Saved entries

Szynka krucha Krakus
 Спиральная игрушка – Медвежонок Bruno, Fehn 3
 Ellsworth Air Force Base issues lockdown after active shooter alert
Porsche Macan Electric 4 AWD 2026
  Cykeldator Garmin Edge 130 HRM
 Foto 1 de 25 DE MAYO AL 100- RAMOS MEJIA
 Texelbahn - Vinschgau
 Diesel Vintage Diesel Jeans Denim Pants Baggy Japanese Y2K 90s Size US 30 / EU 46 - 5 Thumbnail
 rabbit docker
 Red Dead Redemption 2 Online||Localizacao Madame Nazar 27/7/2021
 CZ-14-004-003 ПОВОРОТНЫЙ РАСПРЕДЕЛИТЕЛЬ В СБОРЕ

- _Task to carry out_
Give back exactly the lines from the line containing "Porsche Macan Electric 4 AWD 2026" to the end of the entries, and no other lines.

- _Task answer_
Porsche Macan Electric 4 AWD 2026
  Cykeldator Garmin Edge 130 HRM
 Foto 1 de 25 DE MAYO AL 100- RAMOS MEJIA
 Texelbahn - Vinschgau
 Diesel Vintage Diesel Jeans Denim Pants Baggy Japanese Y2K 90s Size US 30 / EU 46 - 5 Thumbnail
 rabbit docker
 Red Dead Redemption 2 Online||Localizacao Madame Nazar 27/7/2021
 CZ-14-004-003 ПОВОРОТНЫЙ РАСПРЕДЕЛИТЕЛЬ В СБОРЕ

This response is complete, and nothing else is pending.